# Exercise brief
In the listing that follows, retype every line from the first through the one containing "B279 costumes pour". Pictures are to be left out.

(Source data)

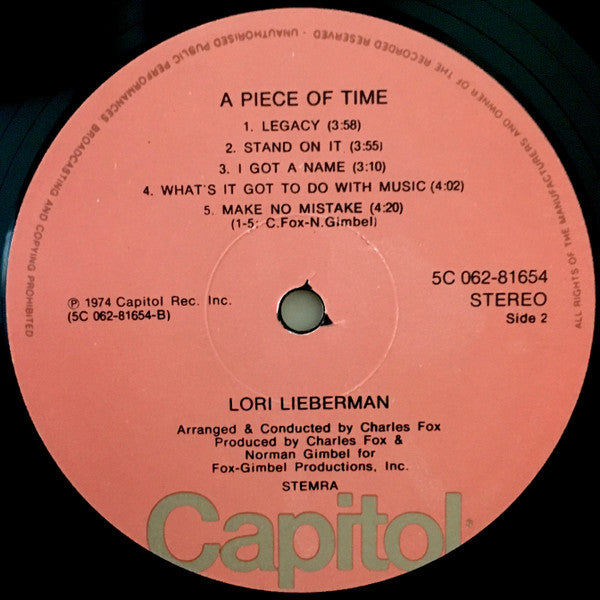 Lori Lieberman : A Piece Of Time (LP, Album)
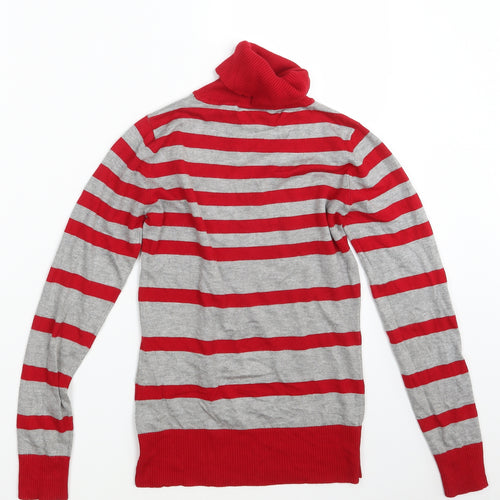 Warehouse Womens Red Striped  Pullover Sweatshirt Size 8
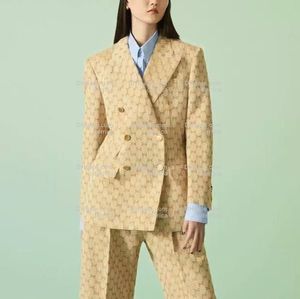 B279 costumes pour femmes Blazers Tide Marque de haute qualité créatrice de mode rétro Jacket Classic Veste Lion Double-Basted Slim Plus Taille Vêtements pour femmes
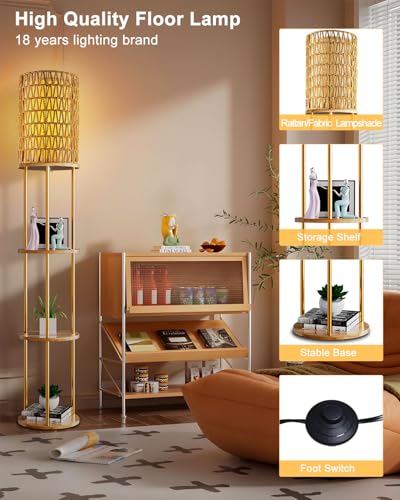 Image of Lightdot 61 inch Rattan Floor Lamp with Shelves, 3-Tier Storage Shelves with 3000K Bulb Included, Solid Wood Design, Corner Bookshelf Floor Lamps for Living Room /Sofa Beside /Corner Decor-Gold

(End Source data)

# Expected answer
 Lori Lieberman : A Piece Of Time (LP, Album)
 Warehouse Womens Red Striped  Pullover Sweatshirt Size 8
 B279 costumes pour femmes Blazers Tide Marque de haute qualité créatrice de mode rétro Jacket Classic Veste Lion Double-Basted Slim Plus Taille Vêtements pour femmes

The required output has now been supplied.